Moderator/Chair:Paul B. Sturtevant, Institute for Medieval Studies, University of Leeds
Paper 1728-aThe Medieval Origins of Our Ecological Crisis
(Language: English)
David John Hawkin, Department of Religious Studies, Memorial University of Newfoundland
Index terms: Philosophy, Theology
Paper 1728-b'Wallowing in Transgression'?: Medieval Linguistic Evidence and the Lessons for Modern Scholarship
(Language: English)
Sarah McLoughlin, Centre for Medieval Studies, University of York
Index terms: Gender Studies, Historiography - Modern Scholarship, Language and Literature - Middle English, Mentalities
Abstract

Paper -a:
The medieval historian Lynn White is well known for his claim that our present ecological crisis has its origins in the medieval period. He argued that the anthropocentric nature of Christianity was especially emphasized in the medieval period and this developed into the exploitative attitude to nature which dominates the modern world view.
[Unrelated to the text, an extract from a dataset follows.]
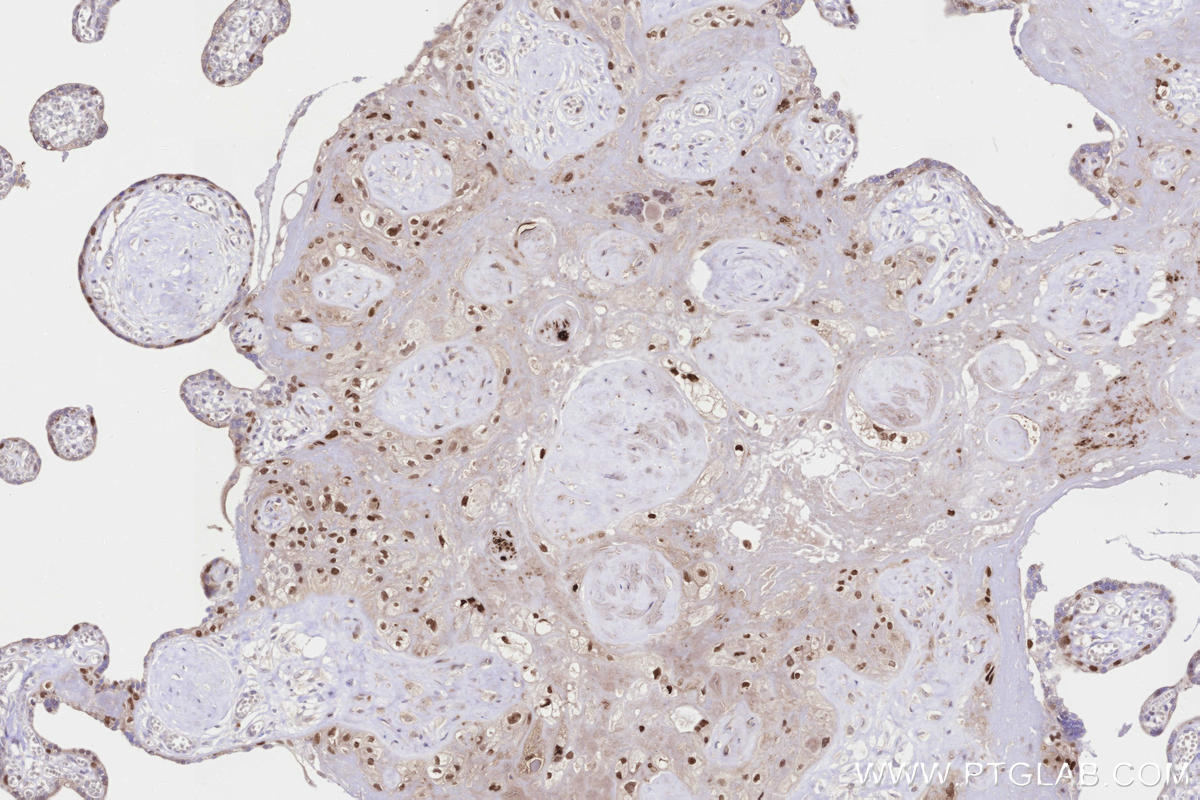 IHC staining of human placenta using 60332-2-Ig IHC staining of human placenta using 60332-2-Ig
I shall argue, however, that a more convincing argument comes from Hans Blumenberg, who has shown that the trajectory that creates modernity and its ecological crisis does indeed begin in the medieval period, but it is rooted more in Gnosticism than it is in Christianity.

Paper -b:
In Against Transgression (2008), Ashley Tauchert claimed that critical thought was in danger of ‘wallowing in transgression’. This paper confronts that criticism and traces the development of ‘transgression’ as a critical concept within the conditions of late 20th century academic culture. Does the modernity of the concept make using it anachronistic for the medievalist? I confront this question through a discussion of how the word ‘transgressioun’ and its Latin and Anglo-Norman antecedents were used in late medieval England. This paper addresses to what extent the late medieval ideological apparatus about rules and rule-breaking resembled and differed from our own.